- **Task description**: Start to finish, return the listing below exactly, pictures excluded.

- **Data shown**:
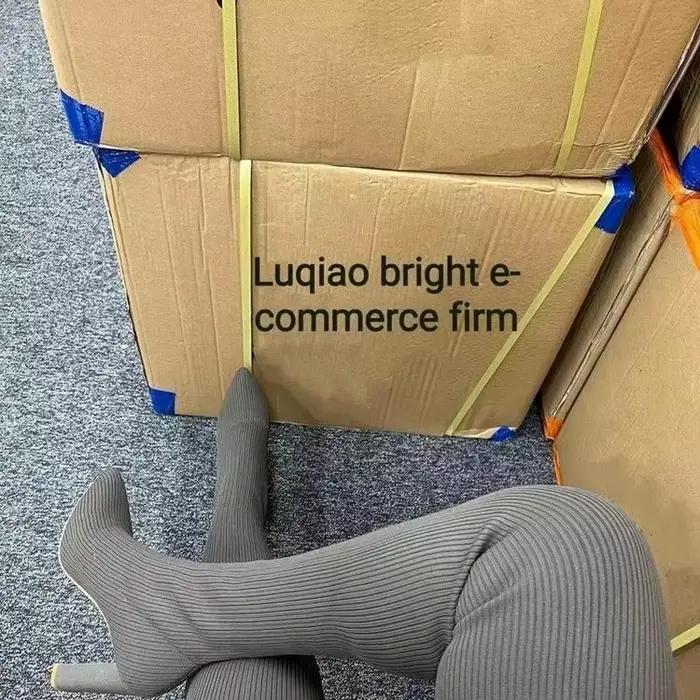 Femme sur le genou bottes hiver cuisse tricoté chaussettes élastiques chaussure chaud Sexy talons aiguilles pointu bottes longues 35-43 botas mujer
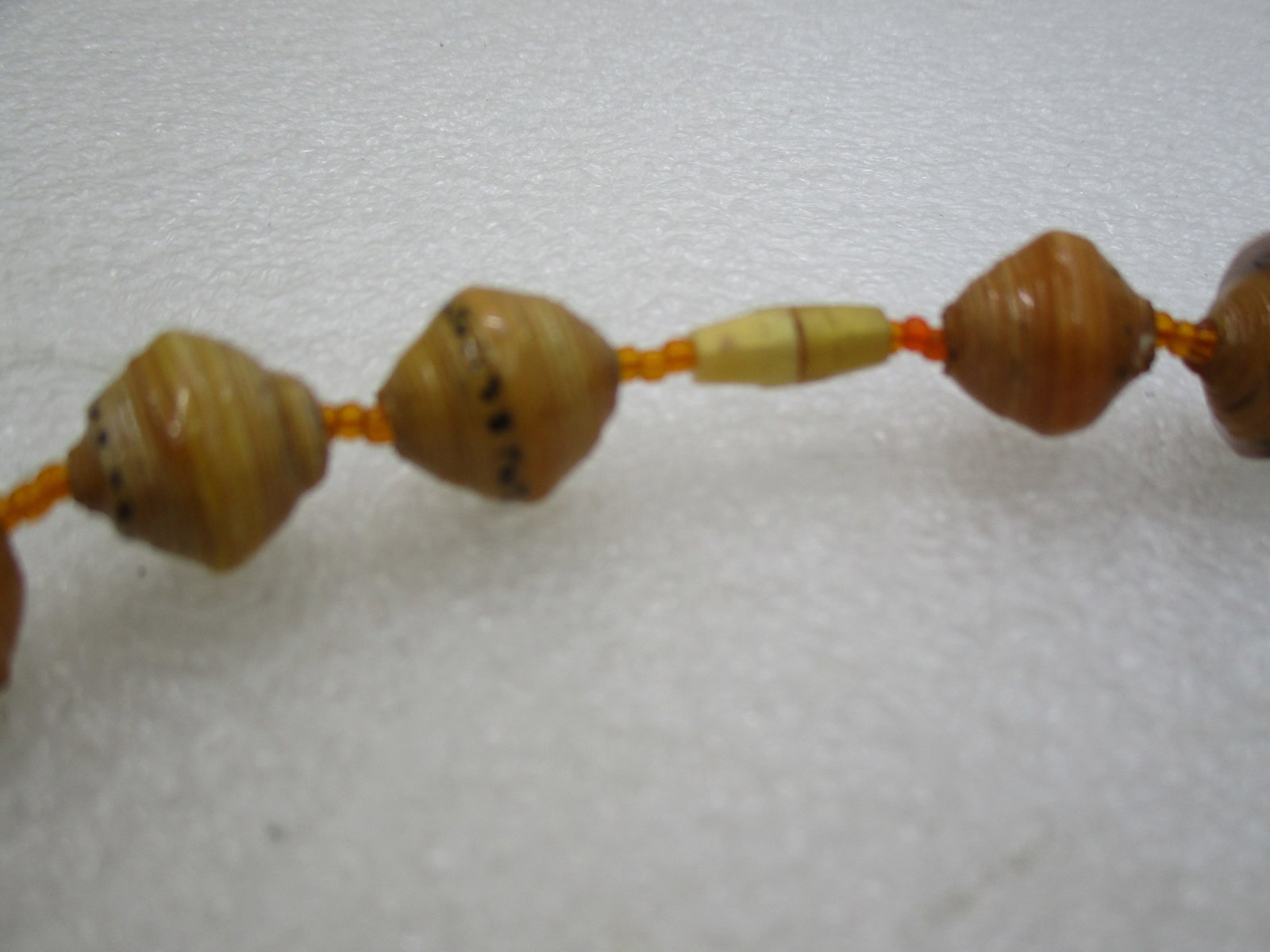 Vintage Tan Celluloid/Plastic Beaded Necklace 19.5", Conical Beads, Wrapped Design, Mid-Century - 4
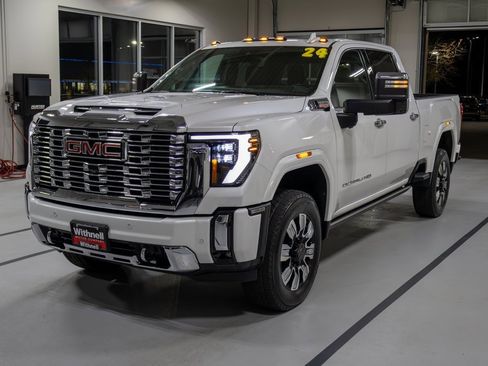 Used 2024 GMC Sierra 3500 Denali w/ Denali Reserve Package image 3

- **Exercise output**:
 Femme sur le genou bottes hiver cuisse tricoté chaussettes élastiques chaussure chaud Sexy talons aiguilles pointu bottes longues 35-43 botas mujer
 Vintage Tan Celluloid/Plastic Beaded Necklace 19.5", Conical Beads, Wrapped Design, Mid-Century - 4
 Used 2024 GMC Sierra 3500 Denali w/ Denali Reserve Package image 3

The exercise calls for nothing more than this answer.